**Try it**
Look below for the line containing "KOROSHI Casual poplin"; from there through the line containing "Responsive HTML5 Für Laufgemeinschaft", both lines included, please set down each line exactly and nothing else.

(Records from a dataset)
== Segment start ==
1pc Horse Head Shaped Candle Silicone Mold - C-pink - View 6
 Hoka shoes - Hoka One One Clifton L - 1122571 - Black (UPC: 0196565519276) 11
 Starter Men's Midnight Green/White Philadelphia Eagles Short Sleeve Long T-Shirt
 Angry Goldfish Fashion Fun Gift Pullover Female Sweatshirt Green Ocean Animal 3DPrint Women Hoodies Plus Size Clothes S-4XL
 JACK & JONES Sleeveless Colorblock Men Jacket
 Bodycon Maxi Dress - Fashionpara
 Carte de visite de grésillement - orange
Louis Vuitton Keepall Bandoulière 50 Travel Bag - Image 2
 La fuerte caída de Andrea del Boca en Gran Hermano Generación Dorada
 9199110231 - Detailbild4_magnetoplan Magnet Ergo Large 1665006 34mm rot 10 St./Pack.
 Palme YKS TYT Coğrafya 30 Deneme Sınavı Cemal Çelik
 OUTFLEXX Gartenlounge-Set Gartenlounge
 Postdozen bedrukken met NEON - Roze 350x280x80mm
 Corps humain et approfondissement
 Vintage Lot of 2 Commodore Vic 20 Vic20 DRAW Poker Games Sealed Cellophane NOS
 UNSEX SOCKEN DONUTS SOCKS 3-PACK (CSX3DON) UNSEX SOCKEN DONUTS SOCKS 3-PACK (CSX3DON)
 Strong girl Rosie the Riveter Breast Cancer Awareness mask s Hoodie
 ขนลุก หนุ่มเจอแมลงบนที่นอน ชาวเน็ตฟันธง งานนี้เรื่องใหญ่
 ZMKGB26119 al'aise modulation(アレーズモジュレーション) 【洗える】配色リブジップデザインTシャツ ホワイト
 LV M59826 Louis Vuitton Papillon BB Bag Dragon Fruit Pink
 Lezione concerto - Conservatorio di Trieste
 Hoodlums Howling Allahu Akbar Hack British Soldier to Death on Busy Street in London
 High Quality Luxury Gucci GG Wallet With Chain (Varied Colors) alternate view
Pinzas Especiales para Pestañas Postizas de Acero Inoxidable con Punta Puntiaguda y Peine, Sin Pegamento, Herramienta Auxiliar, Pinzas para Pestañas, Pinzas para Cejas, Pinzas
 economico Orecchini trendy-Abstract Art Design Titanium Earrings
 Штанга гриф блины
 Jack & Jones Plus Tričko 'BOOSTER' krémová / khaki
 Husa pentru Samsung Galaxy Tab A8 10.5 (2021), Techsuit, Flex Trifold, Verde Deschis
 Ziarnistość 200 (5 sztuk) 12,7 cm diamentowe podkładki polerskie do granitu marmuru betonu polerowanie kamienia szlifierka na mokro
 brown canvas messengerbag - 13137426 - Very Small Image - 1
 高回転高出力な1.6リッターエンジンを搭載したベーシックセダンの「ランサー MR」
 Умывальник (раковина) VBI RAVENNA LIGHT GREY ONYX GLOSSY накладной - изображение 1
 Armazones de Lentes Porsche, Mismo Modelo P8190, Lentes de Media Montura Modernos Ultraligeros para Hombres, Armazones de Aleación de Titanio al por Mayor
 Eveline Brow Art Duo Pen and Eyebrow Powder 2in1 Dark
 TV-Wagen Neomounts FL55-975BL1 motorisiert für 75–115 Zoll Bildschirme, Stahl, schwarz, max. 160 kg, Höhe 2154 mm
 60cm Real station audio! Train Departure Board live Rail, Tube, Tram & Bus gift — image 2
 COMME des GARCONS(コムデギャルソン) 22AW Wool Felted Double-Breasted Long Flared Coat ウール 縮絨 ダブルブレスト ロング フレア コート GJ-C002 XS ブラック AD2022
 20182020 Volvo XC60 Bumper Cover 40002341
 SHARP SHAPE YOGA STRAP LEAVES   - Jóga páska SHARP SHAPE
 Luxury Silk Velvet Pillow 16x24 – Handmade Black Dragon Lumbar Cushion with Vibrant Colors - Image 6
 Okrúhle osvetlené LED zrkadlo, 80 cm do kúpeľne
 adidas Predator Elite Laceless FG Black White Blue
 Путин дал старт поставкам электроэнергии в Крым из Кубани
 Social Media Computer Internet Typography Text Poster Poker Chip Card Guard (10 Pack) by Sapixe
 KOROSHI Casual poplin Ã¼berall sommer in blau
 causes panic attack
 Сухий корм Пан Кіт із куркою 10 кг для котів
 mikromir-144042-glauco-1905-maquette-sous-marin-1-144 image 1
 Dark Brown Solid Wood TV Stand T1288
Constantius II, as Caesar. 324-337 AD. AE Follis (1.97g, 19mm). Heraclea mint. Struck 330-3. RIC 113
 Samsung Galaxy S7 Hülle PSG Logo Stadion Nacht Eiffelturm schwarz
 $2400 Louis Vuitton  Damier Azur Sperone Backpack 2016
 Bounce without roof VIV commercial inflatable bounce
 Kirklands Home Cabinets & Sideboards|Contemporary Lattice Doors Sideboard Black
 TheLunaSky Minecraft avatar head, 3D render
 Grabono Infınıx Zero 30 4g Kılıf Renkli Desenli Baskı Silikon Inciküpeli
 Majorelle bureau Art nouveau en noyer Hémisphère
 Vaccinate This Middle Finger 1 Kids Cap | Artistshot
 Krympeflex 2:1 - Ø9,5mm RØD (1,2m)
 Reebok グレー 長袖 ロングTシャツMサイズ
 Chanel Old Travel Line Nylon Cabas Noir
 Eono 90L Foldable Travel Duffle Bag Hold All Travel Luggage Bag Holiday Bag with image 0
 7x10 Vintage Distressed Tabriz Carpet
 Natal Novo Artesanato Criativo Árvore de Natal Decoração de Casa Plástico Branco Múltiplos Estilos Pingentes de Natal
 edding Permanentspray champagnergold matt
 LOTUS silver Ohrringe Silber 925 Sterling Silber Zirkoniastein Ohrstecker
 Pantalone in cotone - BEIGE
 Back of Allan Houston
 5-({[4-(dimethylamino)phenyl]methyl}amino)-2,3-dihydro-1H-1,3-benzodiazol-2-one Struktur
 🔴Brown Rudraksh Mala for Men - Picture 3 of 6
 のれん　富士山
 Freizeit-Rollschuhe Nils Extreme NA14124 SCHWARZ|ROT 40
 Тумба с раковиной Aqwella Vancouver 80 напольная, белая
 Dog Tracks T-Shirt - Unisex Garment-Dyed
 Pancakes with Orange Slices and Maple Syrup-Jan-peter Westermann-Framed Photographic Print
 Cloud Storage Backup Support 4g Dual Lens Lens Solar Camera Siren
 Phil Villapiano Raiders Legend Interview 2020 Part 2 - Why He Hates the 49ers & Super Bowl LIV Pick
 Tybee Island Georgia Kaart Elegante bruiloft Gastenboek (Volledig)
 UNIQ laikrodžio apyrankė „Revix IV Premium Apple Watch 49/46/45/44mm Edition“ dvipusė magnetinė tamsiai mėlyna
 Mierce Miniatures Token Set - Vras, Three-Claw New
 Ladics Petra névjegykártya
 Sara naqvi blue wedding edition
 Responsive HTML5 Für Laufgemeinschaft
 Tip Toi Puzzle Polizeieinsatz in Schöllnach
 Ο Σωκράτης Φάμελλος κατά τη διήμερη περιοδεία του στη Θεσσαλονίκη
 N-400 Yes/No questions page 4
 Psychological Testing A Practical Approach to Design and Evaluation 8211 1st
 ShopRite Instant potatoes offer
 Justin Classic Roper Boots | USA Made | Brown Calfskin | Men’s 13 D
== Segment end ==
**Exercise solution**
 KOROSHI Casual poplin Ã¼berall sommer in blau
 causes panic attack
 Сухий корм Пан Кіт із куркою 10 кг для котів
 mikromir-144042-glauco-1905-maquette-sous-marin-1-144 image 1
 Dark Brown Solid Wood TV Stand T1288
Constantius II, as Caesar. 324-337 AD. AE Follis (1.97g, 19mm). Heraclea mint. Struck 330-3. RIC 113
 Samsung Galaxy S7 Hülle PSG Logo Stadion Nacht Eiffelturm schwarz
 $2400 Louis Vuitton  Damier Azur Sperone Backpack 2016
 Bounce without roof VIV commercial inflatable bounce
 Kirklands Home Cabinets & Sideboards|Contemporary Lattice Doors Sideboard Black
 TheLunaSky Minecraft avatar head, 3D render
 Grabono Infınıx Zero 30 4g Kılıf Renkli Desenli Baskı Silikon Inciküpeli
 Majorelle bureau Art nouveau en noyer Hémisphère
 Vaccinate This Middle Finger 1 Kids Cap | Artistshot
 Krympeflex 2:1 - Ø9,5mm RØD (1,2m)
 Reebok グレー 長袖 ロングTシャツMサイズ
 Chanel Old Travel Line Nylon Cabas Noir
 Eono 90L Foldable Travel Duffle Bag Hold All Travel Luggage Bag Holiday Bag with image 0
 7x10 Vintage Distressed Tabriz Carpet
 Natal Novo Artesanato Criativo Árvore de Natal Decoração de Casa Plástico Branco Múltiplos Estilos Pingentes de Natal
 edding Permanentspray champagnergold matt
 LOTUS silver Ohrringe Silber 925 Sterling Silber Zirkoniastein Ohrstecker
 Pantalone in cotone - BEIGE
 Back of Allan Houston
 5-({[4-(dimethylamino)phenyl]methyl}amino)-2,3-dihydro-1H-1,3-benzodiazol-2-one Struktur
 🔴Brown Rudraksh Mala for Men - Picture 3 of 6
 のれん　富士山
 Freizeit-Rollschuhe Nils Extreme NA14124 SCHWARZ|ROT 40
 Тумба с раковиной Aqwella Vancouver 80 напольная, белая
 Dog Tracks T-Shirt - Unisex Garment-Dyed
 Pancakes with Orange Slices and Maple Syrup-Jan-peter Westermann-Framed Photographic Print
 Cloud Storage Backup Support 4g Dual Lens Lens Solar Camera Siren
 Phil Villapiano Raiders Legend Interview 2020 Part 2 - Why He Hates the 49ers & Super Bowl LIV Pick
 Tybee Island Georgia Kaart Elegante bruiloft Gastenboek (Volledig)
 UNIQ laikrodžio apyrankė „Revix IV Premium Apple Watch 49/46/45/44mm Edition“ dvipusė magnetinė tamsiai mėlyna
 Mierce Miniatures Token Set - Vras, Three-Claw New
 Ladics Petra névjegykártya
 Sara naqvi blue wedding edition
 Responsive HTML5 Für Laufgemeinschaft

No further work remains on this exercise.